» **Problem requirements**: In the listing below, the lines starting at the line with "Vanzare apartament 2" and ending at the line with "La presidenta de" are to be output verbatim. Images stay out of the copy.

━━ Records provided ━━

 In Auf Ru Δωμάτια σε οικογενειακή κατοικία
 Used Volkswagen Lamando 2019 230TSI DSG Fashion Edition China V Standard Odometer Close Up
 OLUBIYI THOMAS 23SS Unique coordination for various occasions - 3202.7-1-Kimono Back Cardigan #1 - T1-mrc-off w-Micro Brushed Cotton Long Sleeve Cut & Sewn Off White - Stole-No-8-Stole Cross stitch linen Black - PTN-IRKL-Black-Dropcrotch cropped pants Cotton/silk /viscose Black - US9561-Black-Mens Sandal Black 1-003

━━━
━━ Records provided ━━

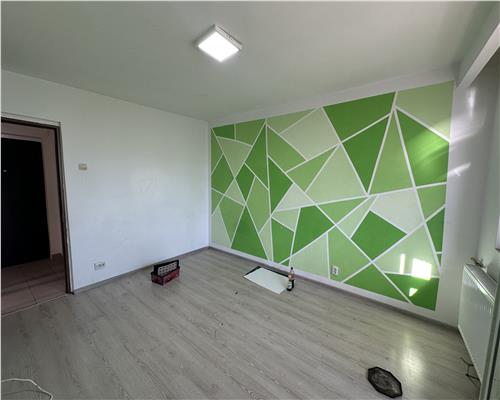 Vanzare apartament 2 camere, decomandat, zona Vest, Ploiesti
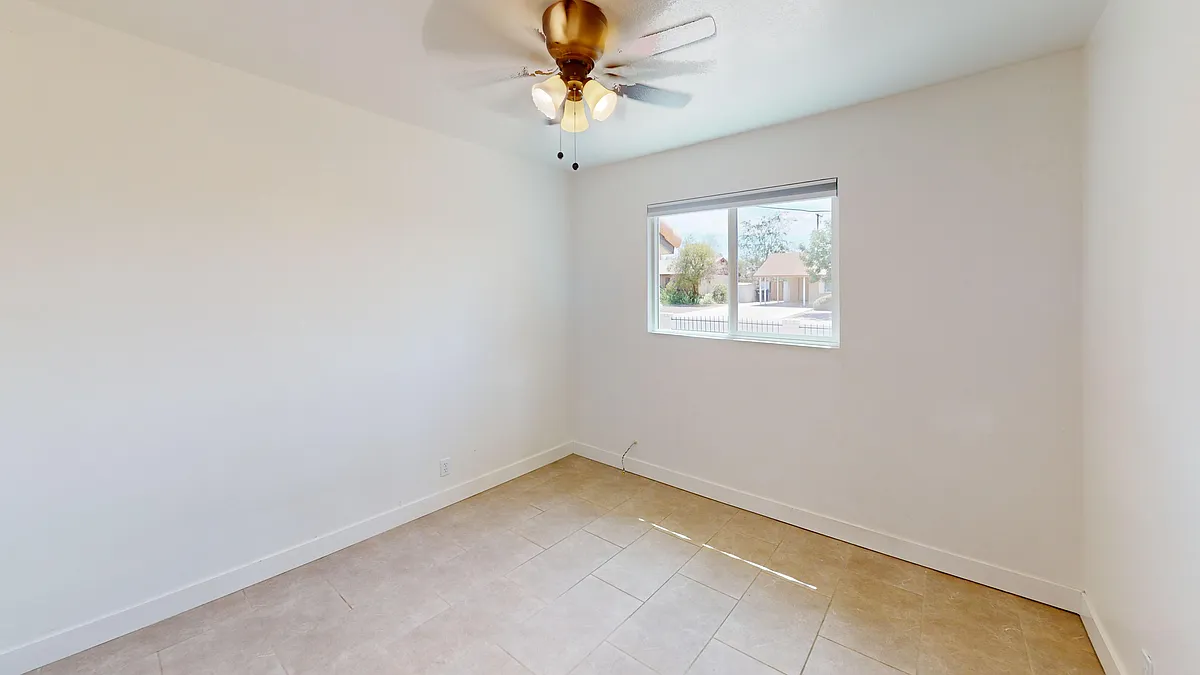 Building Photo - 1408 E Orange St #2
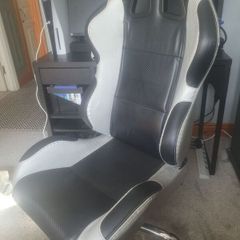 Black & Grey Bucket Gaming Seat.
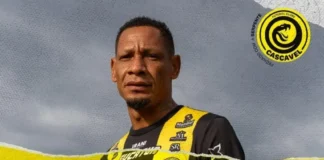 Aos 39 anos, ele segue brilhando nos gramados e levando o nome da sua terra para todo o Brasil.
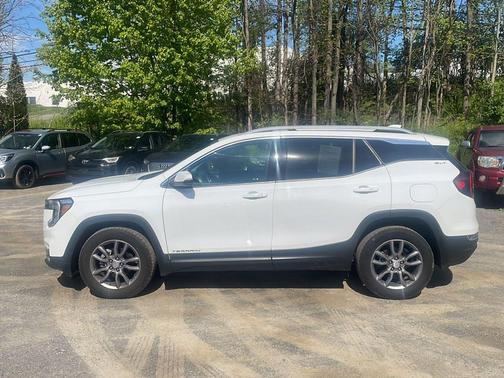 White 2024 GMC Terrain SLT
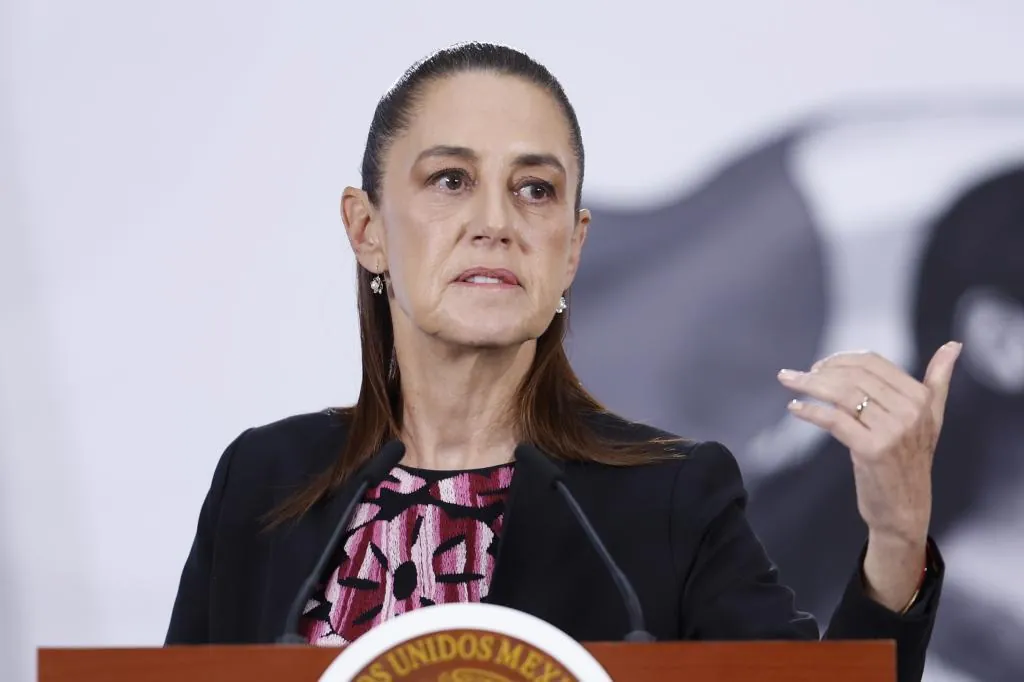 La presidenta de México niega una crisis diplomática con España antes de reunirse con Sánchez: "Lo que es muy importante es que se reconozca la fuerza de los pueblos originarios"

━━━

» **Answer to this exercise**:
 Vanzare apartament 2 camere, decomandat, zona Vest, Ploiesti
 Building Photo - 1408 E Orange St #2
 Black & Grey Bucket Gaming Seat.
 Aos 39 anos, ele segue brilhando nos gramados e levando o nome da sua terra para todo o Brasil.
 White 2024 GMC Terrain SLT
 La presidenta de México niega una crisis diplomática con España antes de reunirse con Sánchez: "Lo que es muy importante es que se reconozca la fuerza de los pueblos originarios"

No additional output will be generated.